4 Tables and graphs for the frequency model in the Example section

The following code can be used to generate Table 4, Figure 4 and Table 5

data$Merit <- factor(data$Merit)
data$Class <- factor(data$Class)
data$C1M3 <-factor(data$Class == 1 & data$Merit == 3 )
data$C3M3 <-factor(data$Class == 3 & data$Merit == 3 )
data$C4M3 <-factor(data$Class == 4 & data$Merit == 3 )
data$C1M2 <-factor(data$Class == 1 & data$Merit == 2 )
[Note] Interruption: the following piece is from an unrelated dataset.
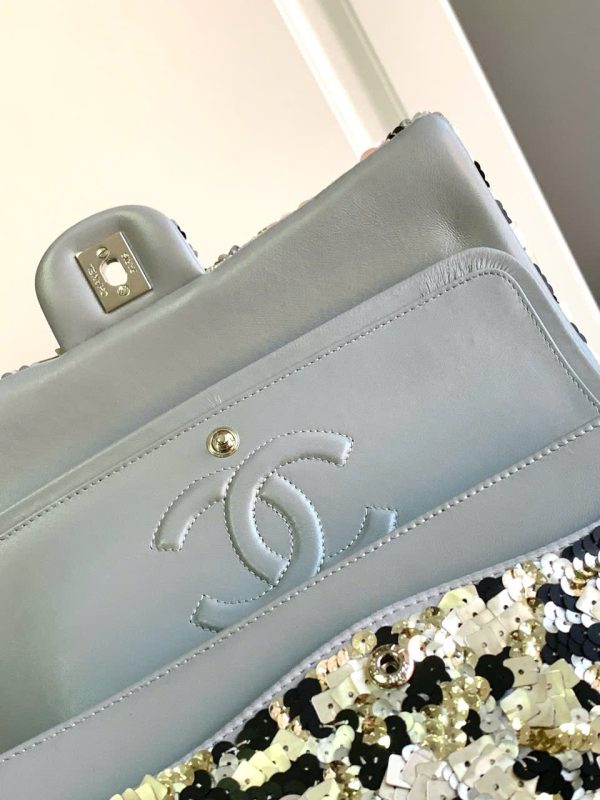 Túi Xách Chanel Classic Siêu Cấp Đính Cườm Họa Tiết Hoa Hồng 25cm (2)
frequency.model <- glm(Claims ~ Merit + Class + C1M3 + C3M3 + C4M3 +C1M2,
		       offset=log(Insured),
		       family=poisson(link=log),
		       data=data );

# Table 4
summary(frequency.model)

# Figure 5
resids.plot(frequency.model)

# Table 5
drop1(frequency.model)

5 Tables and graphs for the severity model in the Example section

The following code generates Table 6, Table 7 and Figure 5

severity.model <- glm(Cost/Claims ~ Merit + Class,weights=Claims,family=Gamma(link=log),data=data);

#Table 6
summary(severity.model)

#Table 7
drop1(severity.model,test="F")

#Figure 4
resids.plot(severity.model)

6 Tables and graphs for the Tweedie GLM in the Examples section

The following code generates Table 8, Figure 6 and Table 9

#To find the mle of the power of the variance
tweedie.mle <- tweedie.profile(Cost/Insured~Class+Merit + C1M3 + C4M3, 
			       weights=Insured,
			       p.vec=seq(1.1,1.9,by=0.01),
			       data=data,
			       do.ci=F,
			       do.smooth=F);

tweedie.model <- glm(Cost/Insured~Class+Merit+ C1M3 +  C4M3,
		     weights=Insured,
		     family= tweedie( var.power=tweedie.mle$p.max,
		     link.power=0),
		     data=data);

#Table 8
summary(tweedie.model);

#Figure 6
resids.plot(tweedie.model);

#Table 9
drop1(tweedie.model,test="F");

7 Figure 7

The lift charts from the SPGA and Tweedie GLM can be obtained by running

severity.mean <- predict(severity.model,type="response");

spga.mean <- (predict(frequency.model,type="response")/data$Insured) * severity.mean;

par(mfrow=c(1,2));

lift.curve(spga.mean,data$Cost/data$Insured,weights=data$Insured,
	   title="SPGA lift chart",ytitle="Aggregated loss in thousands of dollars.");

lift.curve.glm(tweedie.model,title="Tweedie lift chart",
	       ytitle="Aggregated loss in thousands of dollars") ;

8 Errata

In the previous version of this website sim.gamma.function was defined as

sim.gamma.function <- function(mean,phi){
   rgamma(1,shape=mean,rate=phi);
 }

instead of the definition given at the beginning of this document. This was a typo. Note that the graphs in the article were produced with the correct version of this function.